I will only buy Vanguard boats from now on because of Holly! I called oneday to ask a simple question about a used Vanguard boat I had bought and she spent an hour talking with me about our family raft. Then, a few days later some Vanguard hats arrived in the mail. Its hard to find good products with great people behind them these days....but Vanguard has it dialed. 
Holly....keep doing a great job!


----------



## pinemnky13 (Jun 4, 2007)

Connie said:


> Andy, my husband Bob and I were on a Ladore trip with you about seven years ago (we were in a different raft than our VG). We are friends of Jill Creagers who I think was the trip leader on that one.


Bob? Connie? RedCon? p.y.p Bob?


----------



## Andy H. (Oct 13, 2003)

pinemnky13 said:


> Bob? Connie? RedCon? p.y.p Bob?


Yes, its the infamous Paco Bob. Closing the loop, there's a guy with a USMC tattoo somewhere in there as well...


----------



## kazak4x4 (May 25, 2009)

Are Vanguard boats made locally or shipped from overseas?


----------



## pinemnky13 (Jun 4, 2007)

Andy H. said:


> Yes, its the infamous Paco Bob. Closing the loop, there's a guy with a USMC tattoo somewhere in there as well...


Yeah I know him too, just givin Connie a little tease, met you at south canyon with him a couple of years back


----------



## Osprey (May 26, 2006)

Shipped, the owner lives here in Denver though.

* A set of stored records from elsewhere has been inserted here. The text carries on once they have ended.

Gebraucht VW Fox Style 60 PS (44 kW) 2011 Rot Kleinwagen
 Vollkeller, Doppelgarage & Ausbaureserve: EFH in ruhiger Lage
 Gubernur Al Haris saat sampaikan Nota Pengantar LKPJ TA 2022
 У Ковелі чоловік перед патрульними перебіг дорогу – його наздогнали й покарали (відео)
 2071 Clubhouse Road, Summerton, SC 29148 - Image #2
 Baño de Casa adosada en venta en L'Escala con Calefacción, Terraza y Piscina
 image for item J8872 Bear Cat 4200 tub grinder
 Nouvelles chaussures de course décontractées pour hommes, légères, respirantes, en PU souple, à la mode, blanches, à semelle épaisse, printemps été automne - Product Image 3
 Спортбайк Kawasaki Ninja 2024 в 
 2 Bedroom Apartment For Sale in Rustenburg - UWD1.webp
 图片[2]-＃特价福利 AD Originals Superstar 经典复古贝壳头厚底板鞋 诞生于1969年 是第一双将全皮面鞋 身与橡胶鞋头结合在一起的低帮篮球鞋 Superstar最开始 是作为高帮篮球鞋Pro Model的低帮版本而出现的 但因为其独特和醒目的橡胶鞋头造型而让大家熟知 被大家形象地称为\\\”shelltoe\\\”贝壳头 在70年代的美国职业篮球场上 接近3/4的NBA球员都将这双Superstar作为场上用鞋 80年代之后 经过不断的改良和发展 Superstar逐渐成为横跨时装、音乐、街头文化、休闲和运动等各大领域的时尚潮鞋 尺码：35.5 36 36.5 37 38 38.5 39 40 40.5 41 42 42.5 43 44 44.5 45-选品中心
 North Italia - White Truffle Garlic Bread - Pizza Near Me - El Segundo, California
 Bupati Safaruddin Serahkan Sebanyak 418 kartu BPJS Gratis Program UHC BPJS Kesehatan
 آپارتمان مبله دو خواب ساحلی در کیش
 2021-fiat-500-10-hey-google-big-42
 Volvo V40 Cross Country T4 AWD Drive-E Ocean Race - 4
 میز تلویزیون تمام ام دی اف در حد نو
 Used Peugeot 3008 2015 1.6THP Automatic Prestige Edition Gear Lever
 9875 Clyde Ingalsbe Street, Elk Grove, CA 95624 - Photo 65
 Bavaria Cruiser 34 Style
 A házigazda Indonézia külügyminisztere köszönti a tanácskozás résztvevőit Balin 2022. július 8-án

I'll add to the love fest.....met Holly at one of the shows. Working at DRE and Hyside for years she has a wealth of knowledge. My first boat had a manufacturing defect, took it over to IT, Holly had a new boat to me in two days. Six years later and that boat it still looks like new. It's a bit shallow for cargo hauling but gets the job done. That thick floor also makes it ride really high in the water, it's a slow boat which makes it great for fishing. For a "value" priced boat it's hard to beat.


----------